[[ Listed entries, beginning ]]

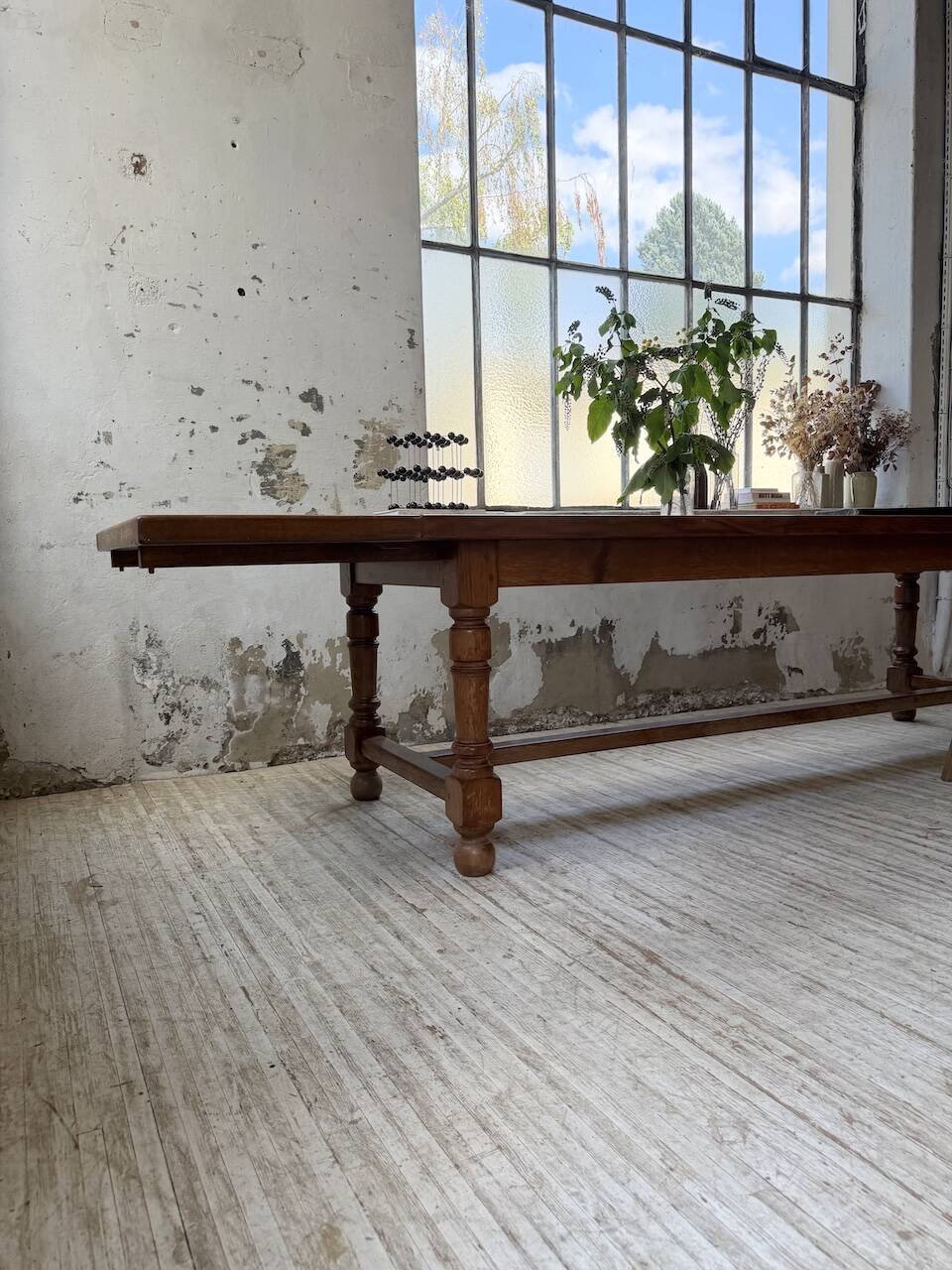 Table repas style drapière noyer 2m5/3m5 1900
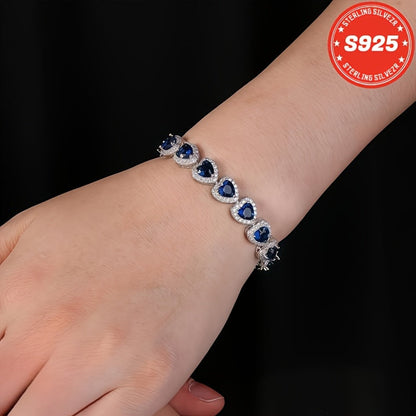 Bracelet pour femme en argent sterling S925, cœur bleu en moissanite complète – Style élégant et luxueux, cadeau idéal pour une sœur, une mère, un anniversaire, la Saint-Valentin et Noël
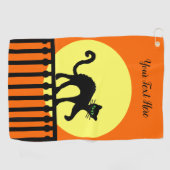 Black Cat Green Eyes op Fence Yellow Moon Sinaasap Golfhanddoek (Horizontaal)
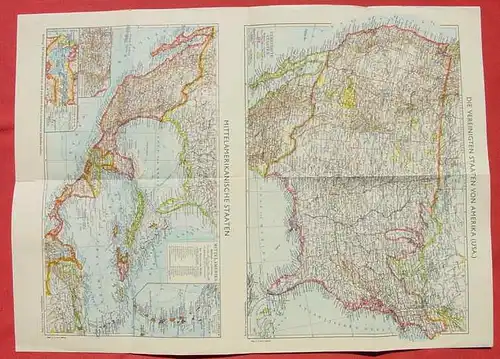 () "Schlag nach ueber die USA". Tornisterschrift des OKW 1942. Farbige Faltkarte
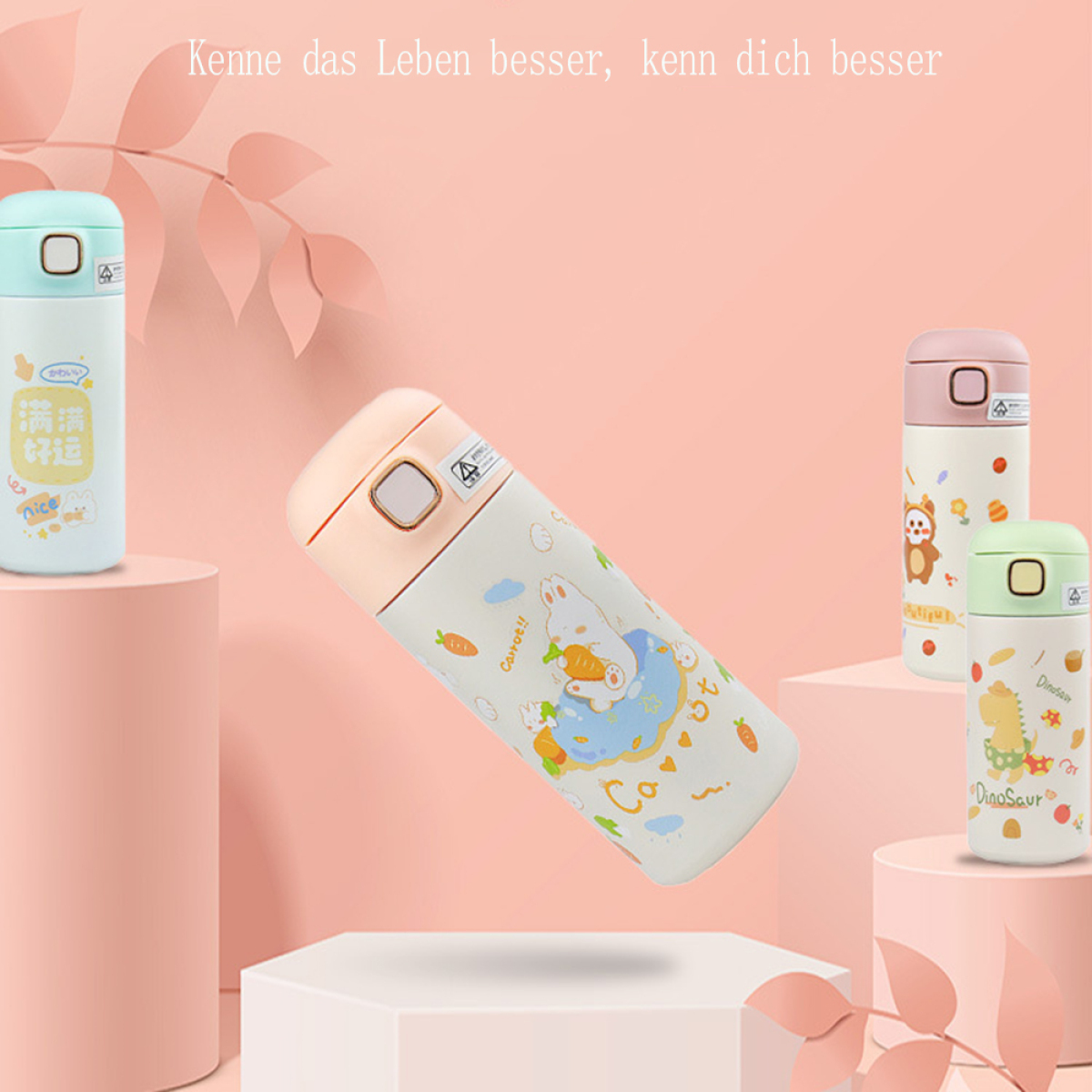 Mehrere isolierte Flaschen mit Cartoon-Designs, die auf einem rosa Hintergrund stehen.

[[ Listed entries, end ]]

• **What this task involves**
Copy out all the entries precisely. No images.

• **Written answer**
 Table repas style drapière noyer 2m5/3m5 1900
 Bracelet pour femme en argent sterling S925, cœur bleu en moissanite complète – Style élégant et luxueux, cadeau idéal pour une sœur, une mère, un anniversaire, la Saint-Valentin et Noël
 Black Cat Green Eyes op Fence Yellow Moon Sinaasap Golfhanddoek (Horizontaal)
 () "Schlag nach ueber die USA". Tornisterschrift des OKW 1942. Farbige Faltkarte
 Mehrere isolierte Flaschen mit Cartoon-Designs, die auf einem rosa Hintergrund stehen.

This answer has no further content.